Bălţi is situated on the tops and slopes of three hills and in two small valleys. The land in the north of Moldova is very fertile, mostly consisting of black earth or chernozem. Several extraction sites for raw materials used in the construction industry are also found in the vicinity of Bălţi. The creeks Răuţel, Copăceanca, and Flămândă cross the territory of the municipality, and flow into the river Răut. Also, several lakes are situated in Bălţi: City Lake, Komsolskoe Lake, Chirpicinoe Lake, Strâmba Lake.
The municipality covers an area of 78.0 square kilometres (30.1 sq mi), of which the city proper 41.42 square kilometres (15.99 sq mi), the village Elizaveta (an eastern suburb) 9.81 square kilometres (3.79 sq mi), and the village Sadovoe (a north-western suburb) 26.77 square kilometres (10.34 sq mi). Of these, an important portion (20.11 square kilometres (7.76 sq mi)) is agriculturally cultivated.

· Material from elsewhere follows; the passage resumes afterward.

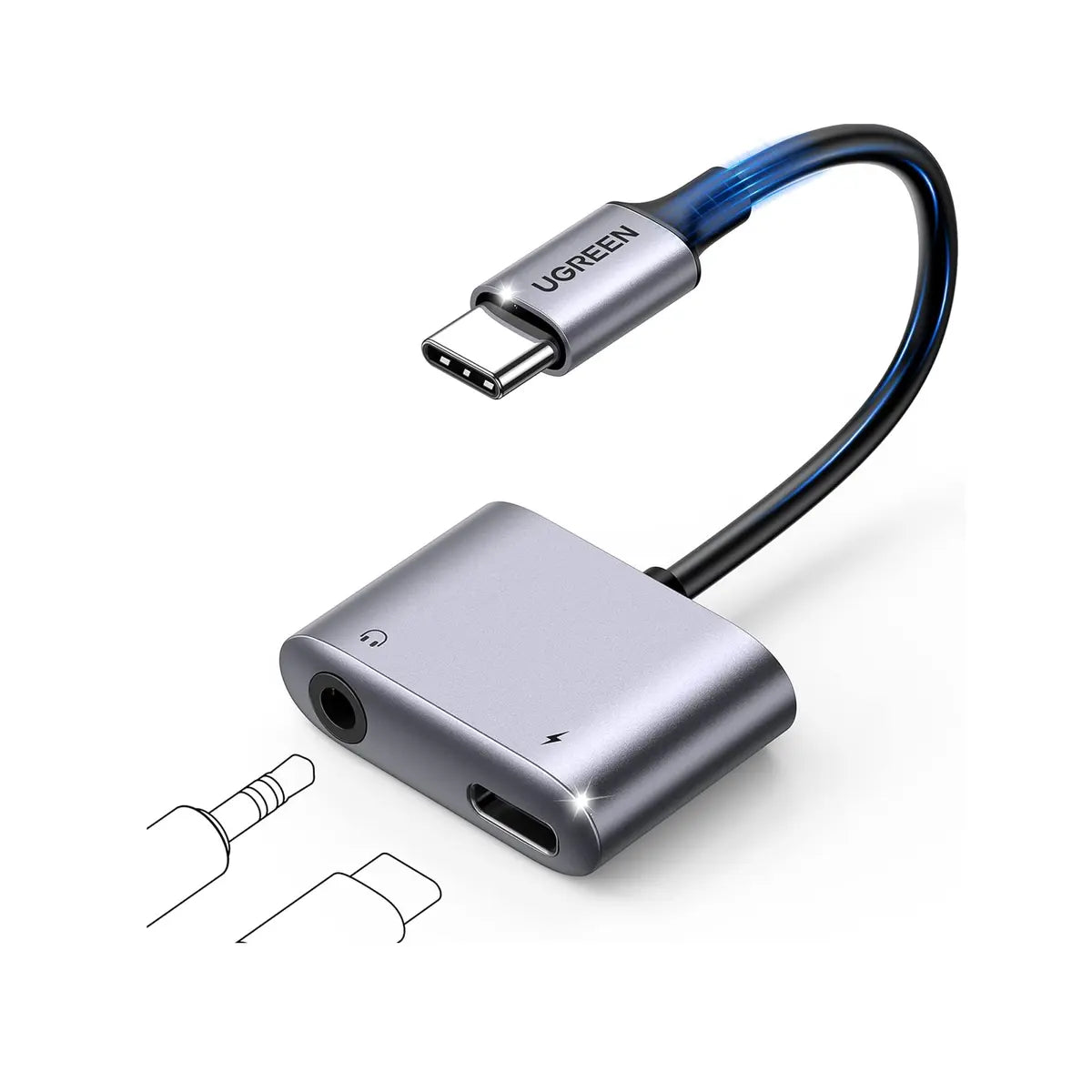 Ugreen 60164 USB-C to 3.5mm Headphone and Charger Adapter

In Bălţi, most industries are concerned with processing farm produce, notably flour milling, sugar refining, and wine making, but furniture, agricultural machinery.
This city is an important economic center, with manufacturing playing an important role. Besides traditional for Moldova wine making, sugar, meat processing, flour milling, oil production, and light industry in general, Bălţi is the center for manufacturing of agricultural machinery, of various construction materials, fur, textile, chemical and furniture industries. A mammoth Soviet-type conglomerate 8,000-worker factory (called “Lenin” before 1989 and “Răut” afterwards) produced a large variety of machine building products for consumer or industry use, from irons and telephone sets to sonar equipment for Soviet Military submarines.
However due to swift changes in the economic environment after the breakdown of the Soviet planned economy system, the manufacturing base of the city has severely suffered. However, more recently, new economic ties are being created, with collaboration and direct investment mostly from the European Union.